Start at the line with "La definición más" in the records below, stop at the line with "válida, porque aunque", and return every line in that span exactly, the two end lines included.

Supplied material

▬▬▬

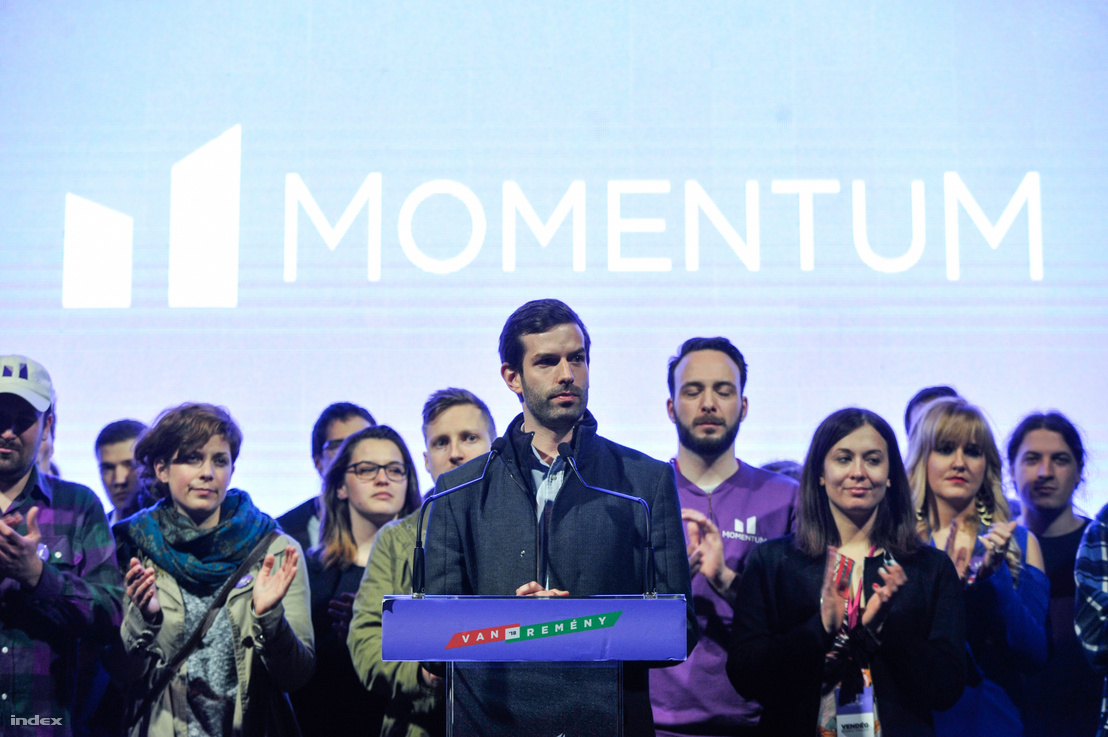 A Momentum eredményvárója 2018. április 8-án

▬▬▬

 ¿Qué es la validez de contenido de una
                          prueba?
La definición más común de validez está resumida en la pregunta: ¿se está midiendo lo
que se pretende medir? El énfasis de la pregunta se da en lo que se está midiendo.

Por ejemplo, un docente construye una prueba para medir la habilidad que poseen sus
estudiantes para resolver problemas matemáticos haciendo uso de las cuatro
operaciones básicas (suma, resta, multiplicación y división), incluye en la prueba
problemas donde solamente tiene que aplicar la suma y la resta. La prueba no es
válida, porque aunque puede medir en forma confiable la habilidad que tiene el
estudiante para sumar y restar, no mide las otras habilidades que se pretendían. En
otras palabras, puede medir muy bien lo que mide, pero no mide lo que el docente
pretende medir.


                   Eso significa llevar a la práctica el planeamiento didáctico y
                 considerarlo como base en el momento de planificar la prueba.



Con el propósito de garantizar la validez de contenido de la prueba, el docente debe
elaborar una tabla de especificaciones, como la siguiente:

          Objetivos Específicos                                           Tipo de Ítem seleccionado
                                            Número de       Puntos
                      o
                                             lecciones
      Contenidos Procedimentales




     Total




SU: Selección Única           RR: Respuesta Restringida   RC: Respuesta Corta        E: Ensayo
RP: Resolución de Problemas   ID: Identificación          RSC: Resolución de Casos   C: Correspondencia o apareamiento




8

▬▬▬

Reply
La definición más común de validez está resumida en la pregunta: ¿se está midiendo lo
que se pretende medir? El énfasis de la pregunta se da en lo que se está midiendo.

Por ejemplo, un docente construye una prueba para medir la habilidad que poseen sus
estudiantes para resolver problemas matemáticos haciendo uso de las cuatro
operaciones básicas (suma, resta, multiplicación y división), incluye en la prueba
problemas donde solamente tiene que aplicar la suma y la resta. La prueba no es
válida, porque aunque puede medir en forma confiable la habilidad que tiene el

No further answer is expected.